═════ INFORMATION SUPPLIED ═════
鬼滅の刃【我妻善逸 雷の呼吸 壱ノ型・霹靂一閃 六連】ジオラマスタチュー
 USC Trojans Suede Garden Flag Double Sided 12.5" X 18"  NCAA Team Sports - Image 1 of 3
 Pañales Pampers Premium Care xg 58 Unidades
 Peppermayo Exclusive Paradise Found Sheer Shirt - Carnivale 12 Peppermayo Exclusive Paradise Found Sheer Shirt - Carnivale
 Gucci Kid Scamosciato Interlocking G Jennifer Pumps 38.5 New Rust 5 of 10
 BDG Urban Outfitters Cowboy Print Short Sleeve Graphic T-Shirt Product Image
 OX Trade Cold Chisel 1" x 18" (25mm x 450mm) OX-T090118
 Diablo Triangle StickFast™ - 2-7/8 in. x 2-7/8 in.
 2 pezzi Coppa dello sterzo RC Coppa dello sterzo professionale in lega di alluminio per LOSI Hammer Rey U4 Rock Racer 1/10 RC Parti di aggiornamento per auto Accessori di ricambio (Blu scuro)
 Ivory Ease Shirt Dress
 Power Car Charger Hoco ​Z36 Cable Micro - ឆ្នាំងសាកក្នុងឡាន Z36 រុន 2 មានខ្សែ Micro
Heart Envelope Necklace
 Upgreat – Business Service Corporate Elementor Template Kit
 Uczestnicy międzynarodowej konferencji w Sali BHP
═════
The required result is an identical copy of the records above.

(TASK RESULT)
鬼滅の刃【我妻善逸 雷の呼吸 壱ノ型・霹靂一閃 六連】ジオラマスタチュー
 USC Trojans Suede Garden Flag Double Sided 12.5" X 18"  NCAA Team Sports - Image 1 of 3
 Pañales Pampers Premium Care xg 58 Unidades
 Peppermayo Exclusive Paradise Found Sheer Shirt - Carnivale 12 Peppermayo Exclusive Paradise Found Sheer Shirt - Carnivale
 Gucci Kid Scamosciato Interlocking G Jennifer Pumps 38.5 New Rust 5 of 10
 BDG Urban Outfitters Cowboy Print Short Sleeve Graphic T-Shirt Product Image
 OX Trade Cold Chisel 1" x 18" (25mm x 450mm) OX-T090118
 Diablo Triangle StickFast™ - 2-7/8 in. x 2-7/8 in.
 2 pezzi Coppa dello sterzo RC Coppa dello sterzo professionale in lega di alluminio per LOSI Hammer Rey U4 Rock Racer 1/10 RC Parti di aggiornamento per auto Accessori di ricambio (Blu scuro)
 Ivory Ease Shirt Dress
 Power Car Charger Hoco ​Z36 Cable Micro - ឆ្នាំងសាកក្នុងឡាន Z36 រុន 2 មានខ្សែ Micro
Heart Envelope Necklace
 Upgreat – Business Service Corporate Elementor Template Kit
 Uczestnicy międzynarodowej konferencji w Sali BHP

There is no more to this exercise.